The "signed char" type, however, need only hold values in -127 to
127. Chances are that your system, whatever it is, holds values
in -128 to 127. On the Univac, which has 9-bit "char"s, it holds
values in -255 to 255 inclusive (not -256, just -255). Conversion
from plain (signed) int to signed char can produce implementation-defined
results, if the value of the "int" does not fit in the "signed
char" (as is generally the case here). (I seem to recall that the
wording for casts is slightly different from that for ordinary
assignments, but cannot find the text in the Standard at the moment.)
Thus, there is no guarantee that y will hold "ff" (as a bit pattern)
-- and on the Univac, it probably holds 0x1ff as a bit pattern,
which represents the value -0 (negative zero). Whether you consider
a 9-bit byte a "byte" is also not clear to me (but I note that the
C Standard does: it says that a "byte" is a char, however many bits
that may be).
Finally, consider the phrasing of this question:
Now is it guaranteed that y will hold ff which is the last byte of x ?
The whole concept of "last byte" is rather fuzzy: which byte(s)

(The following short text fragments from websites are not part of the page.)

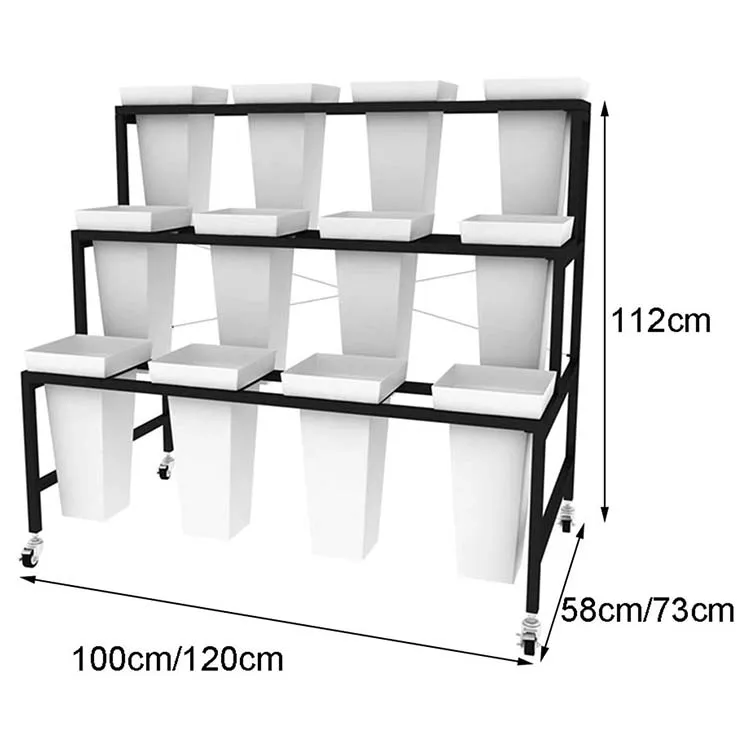 Factory Customized Color Size 3-Layer Stepped Plastic Square Bucket Florist Shelves Flower Stand Flower Shop Display Stand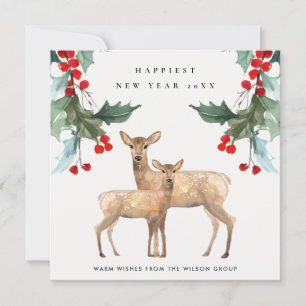 RED GREEN HOLLY BERRY DEER DUO NEW YEAR CORPORATE HOLIDAY CARD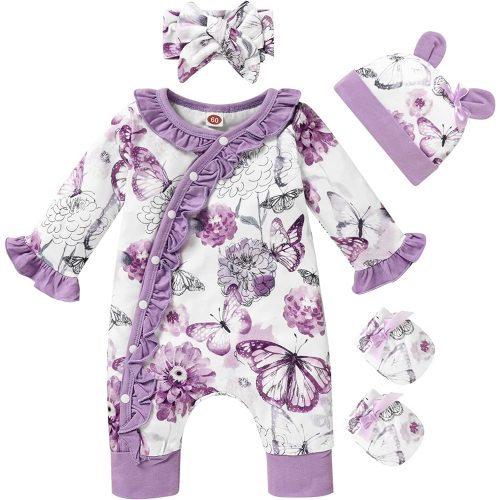 Newborn Girl Floral Jumpsuit Baby Girl Long Sleeve Ruffle Romper Overall Coming Home Outfits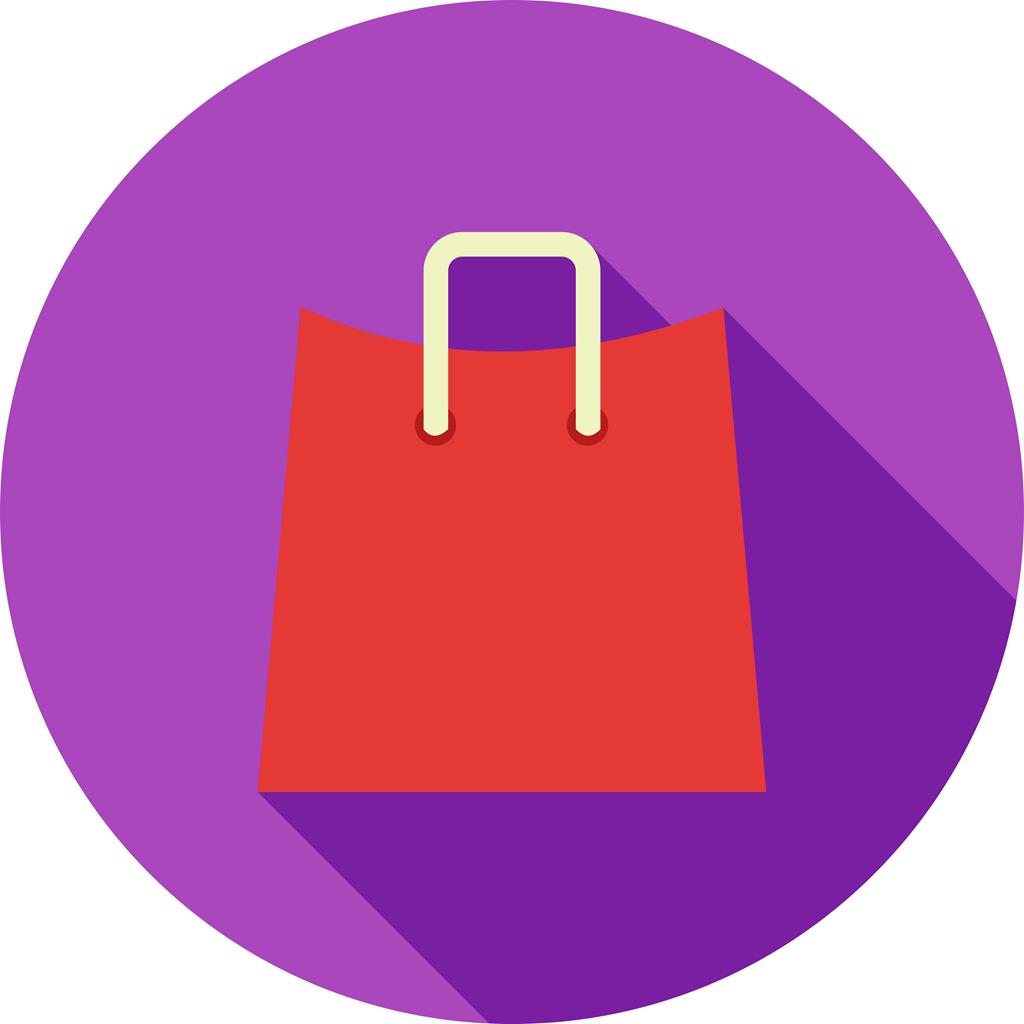Shopping Bags Flat Shadowed Icon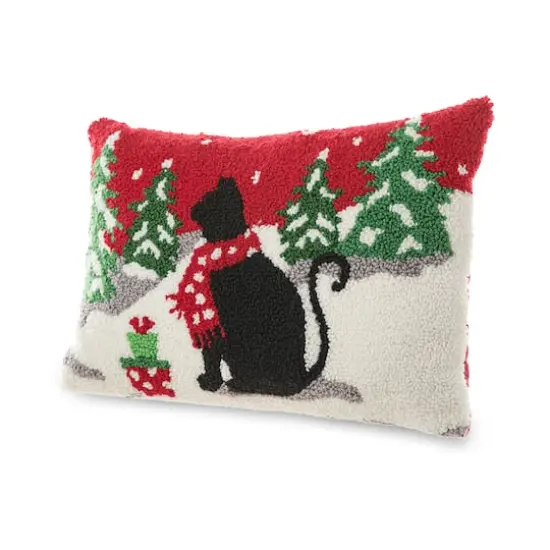 Glitzhome&reg; Hooked Christmas Cat Pillow {6}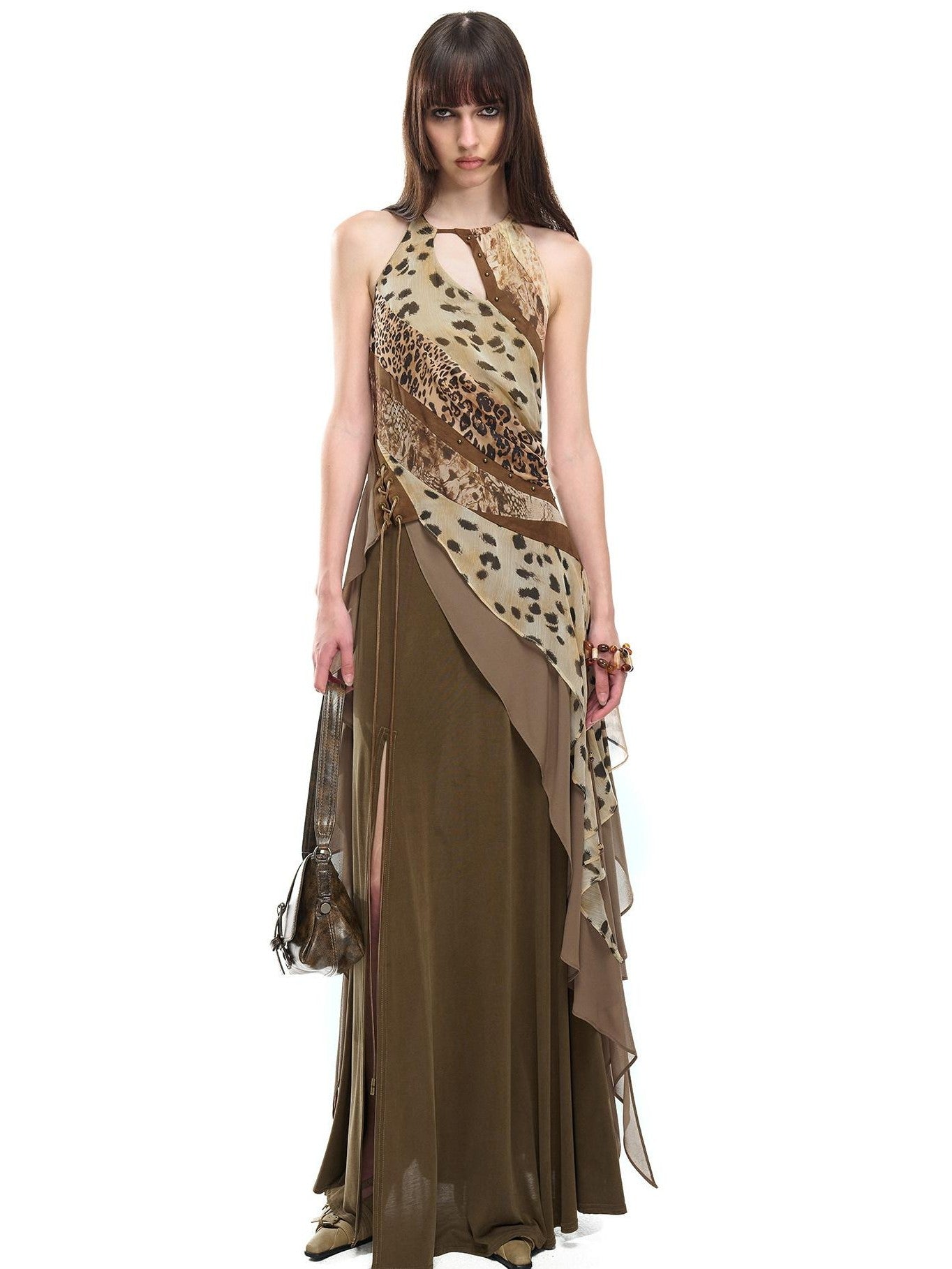 NORTH NODE Leopard Patchwork Ruffle Women&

are "first" and which are "last"? On an 8-bit little-endian machine,
like the Intel based systems most people are most familiar with,
the least significant byte comes *first* in numerical order, not
last. I believe it is better to think not in terms of "machine
byte order" -- which is something you can only control by picking
which machines you use -- but rather to think in terms of values
and representations. As a C programmer, you have a great deal of
control of values, and if you use "unsigned" types, you have complete
control of representations. For instance, you can read a 10-bit
two's complement value from a stdio stream, with the first input
char giving the uppermost 2 bits, using "unsigned int" this way:
/*
* Read one 2-bit value and one 8-bit value from the given stream,
* and compose a signed 10-bit value (in the range [-512..+511])
* from those bits.
*/
int get_signed_10_bit_value(FILE *fp) {
int c0, c1;
unsigned int val;
c0 = getc(fp);
if (c0 == EOF) ... handle error ...
c1 = getc(fp);
if (c1 == EOF) ... handle error ...
val = ((c0 & 0x03) << 8) | (c1 & 0xff);
return (val ^ 0x200) - 0x200;
}
(Note that when you go to read more than 15 bits, you need to be
careful with intermediate values, since plain int may have as few
as 15 non-sign "value bits", and unsigned int may have as few as
16. You will need to convert values to "unsigned long", using
temporary variables, casts, or both.)
This xor-and-subtract trick works on all implementations, including
ones' complement machine like the Univac. Its only real limitation
is that the final (signed) value has to fit in the types available:
a 16-bit two's complement machine has a -32768 but a 16-bit ones'
complement machine bottoms out at -32767. (As it happens, though,
anything other than two's complement is rare today, so you probably
need not worry about this very much.)